2. Qualify for Foreign Freehold Ownership
You qualify if you meet one of these conditions:
- Foreign currency remittance (most common) — wire the full purchase amount from abroad in foreign currency to a Thai bank. The bank issues a Foreign Exchange Transaction Form (FETF).
- Thai permanent residency
- BOI investment promotion
The FETF is Non-Negotiable
The FETF (formerly Thor Tor 3 / TT3) is the single most important document in the entire process. Without it, the Land Department will not register your freehold ownership.
How it works:
- Wire at least the purchase price equivalent in your home currency (GBP, USD, EUR, etc.) from an overseas bank account to your Thai bank account
- The Thai bank converts to THB and issues the FETF
- The FETF must state the purpose as "purchase of condominium"
- Funds transferred within Thailand (e.g., from a Thai salary account) do NOT qualify
Example: Buying a 6M THB condo?
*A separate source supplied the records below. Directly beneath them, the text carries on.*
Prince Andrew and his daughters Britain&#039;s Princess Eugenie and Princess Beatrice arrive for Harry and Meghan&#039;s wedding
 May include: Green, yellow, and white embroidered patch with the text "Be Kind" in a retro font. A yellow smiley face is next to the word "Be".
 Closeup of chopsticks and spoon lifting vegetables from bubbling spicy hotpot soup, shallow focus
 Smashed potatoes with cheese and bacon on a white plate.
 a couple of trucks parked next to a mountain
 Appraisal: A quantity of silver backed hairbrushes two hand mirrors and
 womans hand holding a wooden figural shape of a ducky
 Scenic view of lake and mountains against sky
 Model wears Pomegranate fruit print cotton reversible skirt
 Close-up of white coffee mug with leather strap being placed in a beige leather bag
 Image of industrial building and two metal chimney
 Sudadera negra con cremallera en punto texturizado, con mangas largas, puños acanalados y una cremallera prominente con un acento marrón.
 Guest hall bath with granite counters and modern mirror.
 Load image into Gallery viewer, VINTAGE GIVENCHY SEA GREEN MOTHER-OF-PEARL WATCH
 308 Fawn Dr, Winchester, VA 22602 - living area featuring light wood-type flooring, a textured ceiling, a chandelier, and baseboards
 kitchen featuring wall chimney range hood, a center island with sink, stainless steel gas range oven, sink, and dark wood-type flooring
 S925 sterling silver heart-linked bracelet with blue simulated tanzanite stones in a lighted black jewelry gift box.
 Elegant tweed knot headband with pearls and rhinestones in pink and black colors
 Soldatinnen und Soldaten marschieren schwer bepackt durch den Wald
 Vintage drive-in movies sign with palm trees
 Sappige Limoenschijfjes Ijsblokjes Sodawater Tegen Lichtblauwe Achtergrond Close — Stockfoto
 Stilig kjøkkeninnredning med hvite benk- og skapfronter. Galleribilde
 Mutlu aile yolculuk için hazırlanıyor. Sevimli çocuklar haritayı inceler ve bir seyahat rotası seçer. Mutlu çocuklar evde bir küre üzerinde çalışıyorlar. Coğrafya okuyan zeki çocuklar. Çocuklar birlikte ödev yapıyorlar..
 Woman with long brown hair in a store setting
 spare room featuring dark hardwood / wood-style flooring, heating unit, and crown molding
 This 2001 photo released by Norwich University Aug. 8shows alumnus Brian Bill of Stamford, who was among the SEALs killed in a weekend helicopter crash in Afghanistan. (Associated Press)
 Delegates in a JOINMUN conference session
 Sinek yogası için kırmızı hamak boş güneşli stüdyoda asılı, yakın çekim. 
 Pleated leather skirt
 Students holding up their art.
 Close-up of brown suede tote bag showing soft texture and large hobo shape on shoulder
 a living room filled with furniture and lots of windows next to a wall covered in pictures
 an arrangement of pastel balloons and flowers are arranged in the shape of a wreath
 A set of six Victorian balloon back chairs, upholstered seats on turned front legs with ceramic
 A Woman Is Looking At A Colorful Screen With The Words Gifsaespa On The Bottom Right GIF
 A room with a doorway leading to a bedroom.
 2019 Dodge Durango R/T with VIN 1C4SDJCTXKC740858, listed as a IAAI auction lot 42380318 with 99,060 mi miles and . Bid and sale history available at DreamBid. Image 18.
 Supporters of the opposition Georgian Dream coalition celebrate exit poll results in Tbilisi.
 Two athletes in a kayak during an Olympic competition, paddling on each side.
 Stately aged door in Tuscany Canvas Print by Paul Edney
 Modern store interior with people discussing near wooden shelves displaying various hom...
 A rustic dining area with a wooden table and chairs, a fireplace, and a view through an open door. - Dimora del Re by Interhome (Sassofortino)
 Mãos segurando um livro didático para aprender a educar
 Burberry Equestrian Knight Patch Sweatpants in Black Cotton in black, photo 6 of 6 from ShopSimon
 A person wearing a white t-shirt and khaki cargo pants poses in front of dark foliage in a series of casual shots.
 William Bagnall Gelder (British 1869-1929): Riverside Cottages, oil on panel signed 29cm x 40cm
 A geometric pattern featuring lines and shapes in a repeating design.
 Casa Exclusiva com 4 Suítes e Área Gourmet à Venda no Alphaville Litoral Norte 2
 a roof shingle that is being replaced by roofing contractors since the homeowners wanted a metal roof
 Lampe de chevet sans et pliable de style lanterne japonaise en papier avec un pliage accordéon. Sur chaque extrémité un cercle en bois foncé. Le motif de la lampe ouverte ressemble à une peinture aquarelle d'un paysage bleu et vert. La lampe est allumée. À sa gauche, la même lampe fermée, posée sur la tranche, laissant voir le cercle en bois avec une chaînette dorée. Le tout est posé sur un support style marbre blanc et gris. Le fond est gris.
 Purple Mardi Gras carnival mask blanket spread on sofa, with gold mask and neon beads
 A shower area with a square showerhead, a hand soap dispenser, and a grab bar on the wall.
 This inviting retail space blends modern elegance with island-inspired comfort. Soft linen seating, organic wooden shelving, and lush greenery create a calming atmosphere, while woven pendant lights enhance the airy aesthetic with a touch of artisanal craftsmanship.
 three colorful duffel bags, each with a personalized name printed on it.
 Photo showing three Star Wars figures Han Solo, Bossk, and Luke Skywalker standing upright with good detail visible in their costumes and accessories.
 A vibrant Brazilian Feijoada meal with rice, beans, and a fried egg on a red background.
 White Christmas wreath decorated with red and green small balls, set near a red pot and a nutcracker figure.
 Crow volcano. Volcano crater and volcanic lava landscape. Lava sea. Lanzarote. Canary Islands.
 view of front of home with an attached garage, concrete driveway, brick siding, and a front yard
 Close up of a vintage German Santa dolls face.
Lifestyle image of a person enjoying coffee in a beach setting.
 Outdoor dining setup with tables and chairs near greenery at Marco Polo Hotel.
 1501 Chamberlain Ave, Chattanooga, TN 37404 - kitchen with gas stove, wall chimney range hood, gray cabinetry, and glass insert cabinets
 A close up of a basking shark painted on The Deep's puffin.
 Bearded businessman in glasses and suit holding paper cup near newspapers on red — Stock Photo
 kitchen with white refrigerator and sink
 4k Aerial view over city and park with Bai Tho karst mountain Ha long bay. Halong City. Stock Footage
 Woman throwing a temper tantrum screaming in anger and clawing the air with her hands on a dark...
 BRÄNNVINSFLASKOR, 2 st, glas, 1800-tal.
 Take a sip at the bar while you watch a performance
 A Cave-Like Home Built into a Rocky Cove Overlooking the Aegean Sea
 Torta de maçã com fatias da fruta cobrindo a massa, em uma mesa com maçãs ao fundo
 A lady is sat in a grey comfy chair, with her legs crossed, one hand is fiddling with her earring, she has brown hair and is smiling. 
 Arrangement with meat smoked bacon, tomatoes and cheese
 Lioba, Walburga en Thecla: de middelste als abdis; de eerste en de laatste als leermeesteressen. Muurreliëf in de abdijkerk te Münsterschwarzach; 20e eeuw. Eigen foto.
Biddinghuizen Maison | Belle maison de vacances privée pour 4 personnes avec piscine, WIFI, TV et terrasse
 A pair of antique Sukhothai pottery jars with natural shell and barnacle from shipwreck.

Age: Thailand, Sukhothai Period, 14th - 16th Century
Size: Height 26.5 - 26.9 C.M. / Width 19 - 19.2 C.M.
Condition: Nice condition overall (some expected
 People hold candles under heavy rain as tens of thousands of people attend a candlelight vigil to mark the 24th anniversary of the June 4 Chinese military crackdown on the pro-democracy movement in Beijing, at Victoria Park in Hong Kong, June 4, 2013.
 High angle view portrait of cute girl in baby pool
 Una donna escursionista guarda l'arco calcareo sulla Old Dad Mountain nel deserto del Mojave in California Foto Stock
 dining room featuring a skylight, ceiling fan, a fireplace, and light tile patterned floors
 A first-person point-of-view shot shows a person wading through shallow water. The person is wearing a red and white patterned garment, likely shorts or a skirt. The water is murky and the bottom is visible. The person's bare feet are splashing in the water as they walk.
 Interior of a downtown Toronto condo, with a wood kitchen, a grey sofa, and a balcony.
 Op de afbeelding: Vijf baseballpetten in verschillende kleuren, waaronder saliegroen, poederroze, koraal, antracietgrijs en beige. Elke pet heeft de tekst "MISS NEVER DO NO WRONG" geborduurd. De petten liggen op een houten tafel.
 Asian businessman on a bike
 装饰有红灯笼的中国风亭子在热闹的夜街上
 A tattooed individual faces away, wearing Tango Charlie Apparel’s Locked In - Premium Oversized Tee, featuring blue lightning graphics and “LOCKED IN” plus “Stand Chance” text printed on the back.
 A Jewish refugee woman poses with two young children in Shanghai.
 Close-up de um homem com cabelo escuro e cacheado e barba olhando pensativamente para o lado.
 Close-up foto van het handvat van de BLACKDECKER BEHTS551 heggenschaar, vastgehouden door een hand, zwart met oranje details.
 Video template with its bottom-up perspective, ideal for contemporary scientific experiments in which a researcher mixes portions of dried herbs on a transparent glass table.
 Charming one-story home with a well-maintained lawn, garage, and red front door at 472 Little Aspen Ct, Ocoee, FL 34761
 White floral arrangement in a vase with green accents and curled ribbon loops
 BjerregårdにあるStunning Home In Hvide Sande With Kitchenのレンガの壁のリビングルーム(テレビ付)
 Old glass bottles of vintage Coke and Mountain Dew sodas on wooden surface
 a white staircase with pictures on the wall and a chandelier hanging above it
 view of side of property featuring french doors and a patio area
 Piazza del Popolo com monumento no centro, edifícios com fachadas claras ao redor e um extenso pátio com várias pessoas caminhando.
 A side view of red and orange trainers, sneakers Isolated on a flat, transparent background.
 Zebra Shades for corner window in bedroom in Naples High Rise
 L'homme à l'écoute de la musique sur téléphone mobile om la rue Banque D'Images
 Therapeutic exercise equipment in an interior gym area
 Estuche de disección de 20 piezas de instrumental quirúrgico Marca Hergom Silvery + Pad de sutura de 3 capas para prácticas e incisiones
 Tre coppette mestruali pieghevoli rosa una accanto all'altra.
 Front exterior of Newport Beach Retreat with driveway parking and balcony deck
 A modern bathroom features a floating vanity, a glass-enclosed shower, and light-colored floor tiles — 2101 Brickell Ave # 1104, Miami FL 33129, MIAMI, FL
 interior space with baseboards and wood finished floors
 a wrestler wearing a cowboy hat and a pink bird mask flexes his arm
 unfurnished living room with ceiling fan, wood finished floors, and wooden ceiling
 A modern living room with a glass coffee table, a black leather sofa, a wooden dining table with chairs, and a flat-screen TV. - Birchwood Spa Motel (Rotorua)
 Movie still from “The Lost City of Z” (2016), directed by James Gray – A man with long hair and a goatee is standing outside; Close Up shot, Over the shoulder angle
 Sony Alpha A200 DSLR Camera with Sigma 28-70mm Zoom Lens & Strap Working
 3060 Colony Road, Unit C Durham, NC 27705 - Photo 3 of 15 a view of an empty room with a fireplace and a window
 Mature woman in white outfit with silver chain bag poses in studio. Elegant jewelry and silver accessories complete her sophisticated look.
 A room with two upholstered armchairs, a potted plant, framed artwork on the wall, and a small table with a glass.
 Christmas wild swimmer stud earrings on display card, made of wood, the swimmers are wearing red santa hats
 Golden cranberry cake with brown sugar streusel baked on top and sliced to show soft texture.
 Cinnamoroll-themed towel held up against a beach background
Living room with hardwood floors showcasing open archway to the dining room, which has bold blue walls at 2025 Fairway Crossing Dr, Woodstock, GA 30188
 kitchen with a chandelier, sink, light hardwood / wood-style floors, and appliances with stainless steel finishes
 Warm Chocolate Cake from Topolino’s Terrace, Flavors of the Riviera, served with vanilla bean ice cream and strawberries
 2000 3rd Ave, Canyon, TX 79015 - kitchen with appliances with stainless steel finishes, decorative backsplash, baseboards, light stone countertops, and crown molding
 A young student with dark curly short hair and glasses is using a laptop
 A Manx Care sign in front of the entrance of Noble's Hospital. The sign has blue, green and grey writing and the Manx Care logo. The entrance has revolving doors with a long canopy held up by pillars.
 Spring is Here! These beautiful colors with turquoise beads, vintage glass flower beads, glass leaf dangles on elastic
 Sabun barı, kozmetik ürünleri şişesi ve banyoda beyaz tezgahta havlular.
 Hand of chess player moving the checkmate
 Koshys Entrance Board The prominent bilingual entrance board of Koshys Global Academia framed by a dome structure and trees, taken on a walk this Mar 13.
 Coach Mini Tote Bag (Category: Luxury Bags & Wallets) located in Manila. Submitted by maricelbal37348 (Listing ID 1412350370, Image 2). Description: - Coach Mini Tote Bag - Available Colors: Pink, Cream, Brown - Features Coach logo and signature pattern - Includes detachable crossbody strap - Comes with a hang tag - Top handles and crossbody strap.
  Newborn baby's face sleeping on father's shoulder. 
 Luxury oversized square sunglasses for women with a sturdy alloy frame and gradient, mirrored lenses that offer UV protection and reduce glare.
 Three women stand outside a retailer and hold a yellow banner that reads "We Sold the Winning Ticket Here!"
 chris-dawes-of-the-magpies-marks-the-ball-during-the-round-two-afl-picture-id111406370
You must wire at least 6M THB equivalent from your overseas account.
Why this matters later: When you sell, you need the original FETF to repatriate your sale proceeds out of Thailand. Lose it, and getting your money out becomes extremely difficult.
3. Check These Documents Before Signing Anything
A. Chanote Title Deed (Nor Sor 4 Jor)
The Chanote is the gold-standard land title in Thailand. Verify:
- The condo is built on land with a Chanote (not Nor Sor 3 or Nor Sor 3 Gor)
- The title is free of encumbrances — no mortgages, liens, or disputes
- The name matches the seller or developer
- Request a title search at the Land Department (~200 THB)
B. Condominium Registration Certificate
This confirms the building is legally registered as a condominium under the Condominium Act. Without it, foreign freehold ownership is impossible — it's just an apartment building.
C. Environmental Impact Assessment (EIA)
Required for projects with 80+ units or buildings taller than 23 meters (~8 stories).
- Some developers sell (and collect deposits) before EIA approval — this is a major red flag
- Ask for the EIA approval letter and reference number
- Verify at the Office of Natural Resources and Environmental Policy (ONEP)
D. Construction Permit
Issued by the local municipal authority. Confirms the design complies with the Building Control Act. Check that actual construction matches the approved plans.
E. Juristic Person Documents
The juristic person manages the building after handover. These documents tell you everything about the building's health:
- Annual financial statements — healthy reserves vs. debt?
- Last AGM minutes — disputes? Special assessments planned?
- Sinking fund balance — adequate or depleted?
- Outstanding litigation — suing or being sued?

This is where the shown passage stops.